The beginning of Ecdysis, which means the shedding of an outer cuticle layer by animals who go in for that sort of thing, is gloriously intricate too. I was thrown back to bands like Mekong Delta who brought avant garde jazz into an extreme metal mindset back in the late eighties.

Desecrate is even more interesting. It starts out minimally, with Rexco like a demon creature recently escaped from a cage and ready to devour anyone or anything she encounters in the next five minutes. She has a wild and evilly dangerous voice and, while I have no idea what language she's singing, let alone what words, it's often easy to get caught up in what she's doing and forget there's music being played behind her. That music is far slower here, even when it gallops, and there are so many cymbals in play that surely some of them have to be bells.

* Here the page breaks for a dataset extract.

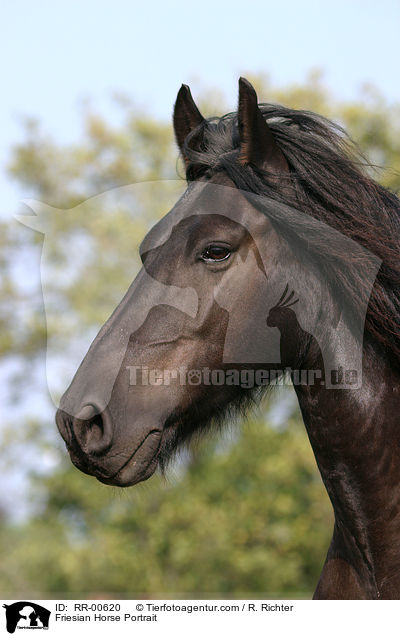 Friese im Portrait / Friesian Horse Portrait / RR-00620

That leaves Lotophagi, or Lotus Eaters, presumably meaning the tribe of lost addicts that Odysseus encountered when returning home from Troy, given that Cetus was a sea monster in Greek mythology. Of course, Mefitis was Roman not Greek, or rather pre-Roman as she was the goddess of poisonous vapours (foul-smelling gases of the earth) to the Samnites, who dominated central Italy in the years before the rise of Rome.

This one layers voices, demonic and clean, surely male and female too, and gets all melodic behind them. At the two and a half minute mark, everything goes quiet, a rumbling bass and a delicate guitar providing the eye in the storm that inevitably returns with a vengeance.

How this trio stay so tight when there are so many time changes, I have no idea. I presume it's a heck of a lot of practice. Having Darling on guitars and bass means that they can't have played live in the studio, of course. I wonder how many takes they took to knock out Lotophagi. The layering of the multiple voices helped it too, because, while I enjoyed Rexco's voice, it's really difficult to vary a delivery like that and that approach was getting old, even by that point.

I got a real kick out of this, but twenty minutes is probably a good length, as I'm not sure how I'd react to twenty more of similar material. I have a good deal of praise for the variety they snuck into the first twenty but I don't believe that a further twenty would help coherence. As it stands, I'm liking the ways they're finding to subvert their black metal, but I'm ready for it to get old as soon as that supply of subversion runs out.

I'd like to hear a full length album now just to see if they can keep this style interesting for forty minutes plus.